Quarta, 22 de Fevereiro de 2017

OPINIÃO

Maurício Quintella: "Franquia de bagagem: muito se diz, pouco se sabe"

Ministro dos Transportes, Portos e Aviação

10 JAN 2017Por 01h:00

As novas normas aprovadas pela Anac que revisam as Condições Gerais de Transporte Aéreo têm sido bastante discutidas. Apesar delas serem muito abrangentes e avançadas na garantia de direitos e deveres dos passageiros, o tema da franquia de bagagem ficou no centro de debate. E a resposta para isso é que a medida afeta a vida de milhões de pessoas. Hoje, o avião é o principal modo de transporte de passageiros no Brasil.

Há 15 anos o setor aéreo vivia em um ambiente onde o governo controlava os preços das passagens. Muitas pessoas acreditavam que esses controles as protegiam. Naquele momento, houve a mesma apreensão que vemos hoje: a de que, sem o controle do governo, as empresas cometeriam abusos e aumentariam os preços. O tempo provou que essa visão estava equivocada. Aliás, fica aqui uma verdade histórica: quanto mais pesada é a mão do governo na regulação de uma atividade econômica, mais burocrática, cara e ineficiente ela tende a ser.

A universalização do acesso da população ao transporte aéreo, ainda em curso, teve como principal motivo a desregulamentação do setor, que gerou uma queda das passagens para menos da metade do preço de 15 anos atrás, e com isso o transporte aéreo mais do que triplicou nesse período.

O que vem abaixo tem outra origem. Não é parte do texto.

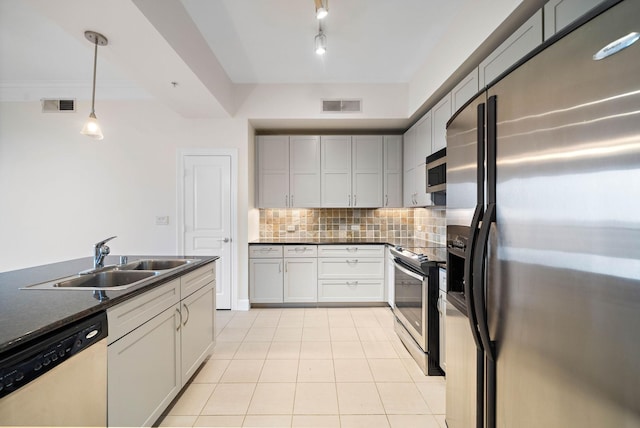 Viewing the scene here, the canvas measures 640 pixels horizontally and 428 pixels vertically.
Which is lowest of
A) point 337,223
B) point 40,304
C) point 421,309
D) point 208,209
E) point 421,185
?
point 421,309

Também existe uma percepção amplamente difundida de que nós temos o direito de levar bagagem de graça nos voos. Mas o fato é todos que pagamos por isso, embutido no preço da passagem, levando bagagem ou não. E não temos o direito de comprar uma passagem sem franquia. É como se as lanchonetes fossem proibidas de vender sanduíche sem o refrigerante, porque achamos que quem compra sanduíche tem direito a refrigerante “de graça”. 

E a maior vítima desse equívoco são as pessoas de renda mais baixa que continuam sem acesso ao transporte aéreo devido a medidas que aumentam desnecessariamente o custo do setor e impedem o surgimento de tarifas mais baratas.

Além disso, apenas quatro países além do Brasil têm esse tipo de regulação: Venezuela, China, Rússia e México. Diga-se de passagem, a do Brasil é a mais restritiva. Nos demais países do mundo não há esse tipo de regulação.

A liberdade das empresas oferecerem produtos diferentes para públicos diferentes possibilitou em vários países o surgimento das empresas low cost (baixo custo). São empresas que oferecem um serviço mais simples, sem regalias, a preços bastante convidativos. Essas empresas não substituíram as tradicionais, que continuam existindo e oferecendo serviços mais completos. 

Outra percepção equivocada é a de que o resultado da desregulamentação será a cobrança de qualquer bagagem por todas as empresas. Tenho convicção de que a franquia de bagagem inclusa continuará sendo amplamente praticada. Não porque o governo obriga, mas simplesmente porque muitos consumidores desejam esse produto.

Portanto, depois de muito debate, estudo e pela constatação do sucesso que essas medidas tiveram em outros países onde foram implantadas, somos favoráveis às novas regras. Nosso compromisso é desenvolver o setor e principalmente integrar e proteger o consumidor.